Lors d’une comparution devant le Sénat en mars, la RPC a déclaré que moins de 54% des près d’un million d’infirmières autorisées du pays sont actuellement actives. Le commissaire de la RPC, Jose Cueto, a recommandé au DOH de se concentrer sur l’embauche des 47 000 diplômés en soins infirmiers qui sont entrés sur le marché du travail au cours des trois dernières années.

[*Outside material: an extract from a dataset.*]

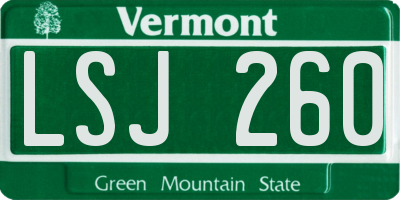 VT license plate LSJ260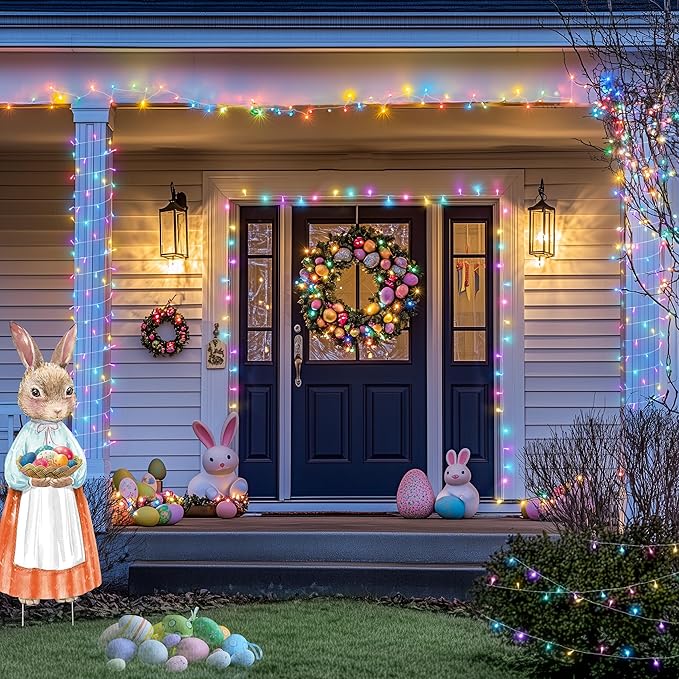 JMEXSUSS Easter Lights Clear Wire Outdoor Indoor, 168ft 600 LED Multicolor Easter String Lights Plug in for Bedroom Tree Room Party Decorations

Andamo a déclaré qu’il est ironique que le gouvernement se plaigne de pénuries alors qu’il a licencié environ 10 000 infirmières au cours des deux dernières années. En 2021, un décret exécutif a transféré davantage de responsabilités en matière de soins de santé aux unités gouvernementales locales, dont beaucoup n’avaient pas le budget pour absorber le personnel médical.
Marcos s’est engagé à conclure des accords avec d’autres pays non seulement pour accepter des infirmières, mais aussi pour aider à former un nombre équivalent pour rester dans le pays. Andamo a déclaré que de telles propositions évitent de s’attaquer à la racine du problème.
« Comment peuvent-ils ne pas comprendre le problème ? Je suis secoué par leur insensibilité. Ils s’en fichent », a déclaré Andamo.